Some key things to know about distilling ML models:

If you have a big neural net, it can have like O(10,000,000) parameters and O(1,500,000,000) MultAdds. Parameters ~= how much memory your model uses, and MultAdds ~= how much CPU your model uses and how fast it can deliver a response (latency).
If you want to put a neural net on mobile, you should reduce params and MultAdds. The model size above for example might get reduced to something like O(2,000,000) params (1/5 size), and O(100,000,000) MultAdds (1/3 fewer).
You can reduce MultAdds by shrinking the number of convolutional filters per layer in a CNN (depth shrinking), you can successively decrease your image resolution between layers (internal resolution shrinking) (requires large enough input image to do this effectively, it’s OK to blow up a small image so this is possible), and you can factorize your convolutions in a CNN using what they call depthwise separable convolution operations (because 3D convolutions in vision CNNs are depthwise separable).

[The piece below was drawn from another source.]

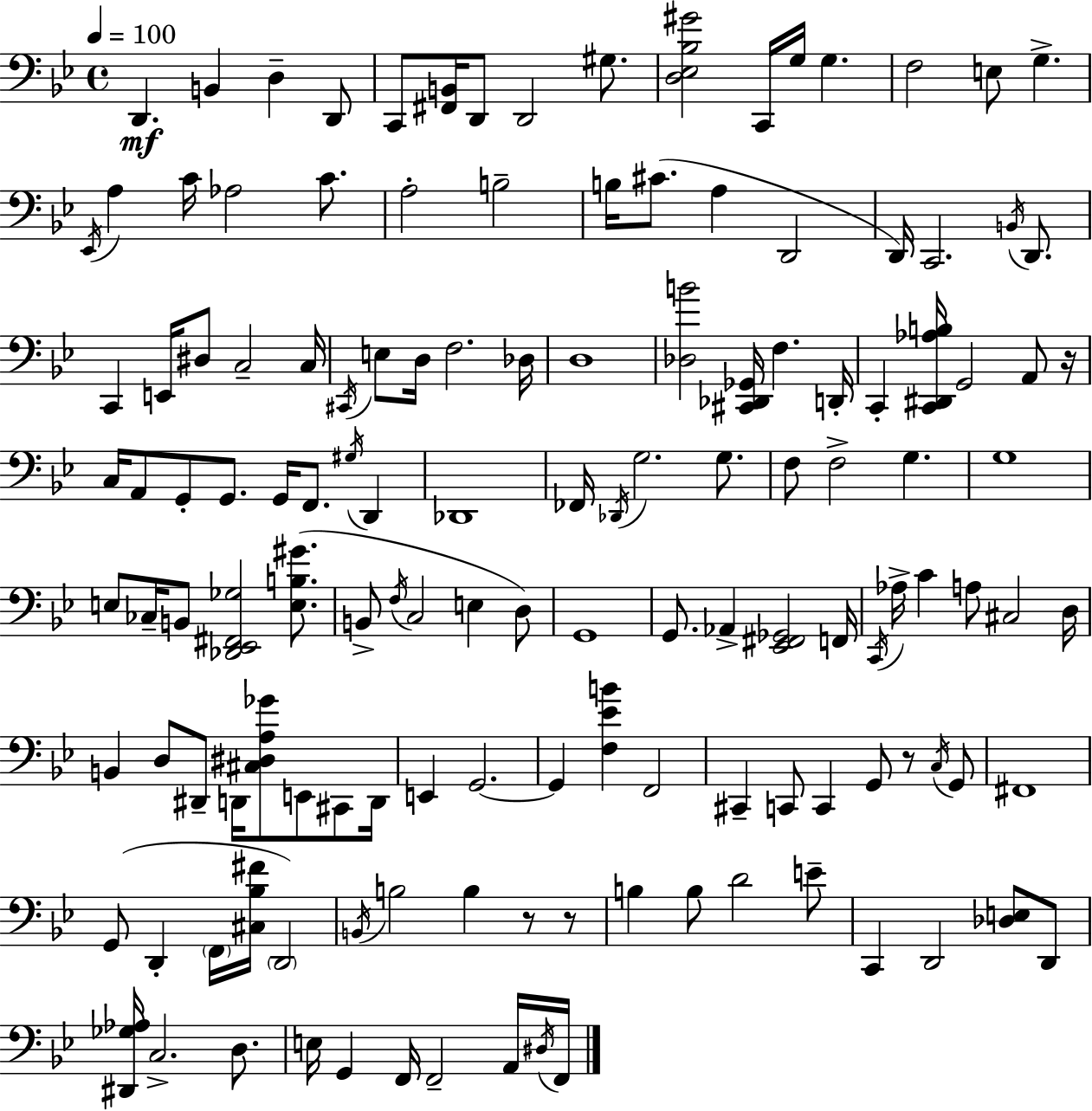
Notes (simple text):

D2/q. B2/q D3/q D2/e C2/e [F#2,B2]/s D2/e D2/h G#3/e. [D3,Eb3,Bb3,G#4]/h C2/s G3/s G3/q. F3/h E3/e G3/q. Eb2/s A3/q C4/s Ab3/h C4/e. A3/h B3/h B3/s C#4/e. A3/q D2/h D2/s C2/h. B2/s D2/e. C2/q E2/s D#3/e C3/h C3/s C#2/s E3/e D3/s F3/h. Db3/s D3/w [Db3,B4]/h [C#2,Db2,Gb2]/s F3/q. D2/s C2/q [C2,D#2,Ab3,B3]/s G2/h A2/e R/s C3/s A2/e G2/e G2/e. G2/s F2/e. G#3/s D2/q Db2/w FES2/s Db2/s G3/h. G3/e. F3/e F3/h G3/q. G3/w E3/e CES3/s B2/e [Db2,Eb2,F#2,Gb3]/h [E3,B3,G#4]/e. B2/e F3/s C3/h E3/q D3/e G2/w G2/e. Ab2/q [Eb2,F#2,Gb2]/h F2/s C2/s Ab3/s C4/q A3/e C#3/h D3/s B2/q D3/e D#2/e D2/s [C#3,D#3,A3,Gb4]/e E2/e C#2/e D2/s E2/q G2/h. G2/q [F3,Eb4,B4]/q F2/h C#2/q C2/e C2/q G2/e R/e C3/s G2/e F#2/w G2/e D2/q F2/s [C#3,Bb3,F#4]/s D2/h B2/s B3/h B3/q R/e R/e B3/q B3/e D4/h E4/e C2/q D2/h [Db3,E3]/e D2/e [D#2,Gb3,Ab3]/s C3/h. D3/e. E3/s G2/q F2/s F2/h A2/s D#3/s F2/s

This reduces redundant calculation.
You can reduce parameters by making your network shallower and have fewer nodes. However “isn’t that going to make my network less accurate and great?” Yeah, unless you do this cool thing called distillation where you teach your neural network to mimic a state of the art network! So instead of training it like a normal model (hard targets for classification: is it a bird or not a bird), you train it to learn how the complex model learns (soft targets: how did the complex model come to 0.7662 confidence that this image contains a bird?)

Another key thing is it’s not necessary for all target classes to be represented in the distillation training set for high accuracy. For example, if your complex model recognizes handwritten digits (MNIST), and while training your small model it never sees examples of 3s (but the big model did), your small model can still learn to classify 3’s with ~98% accuracy. Because it learns how your big model generalizes.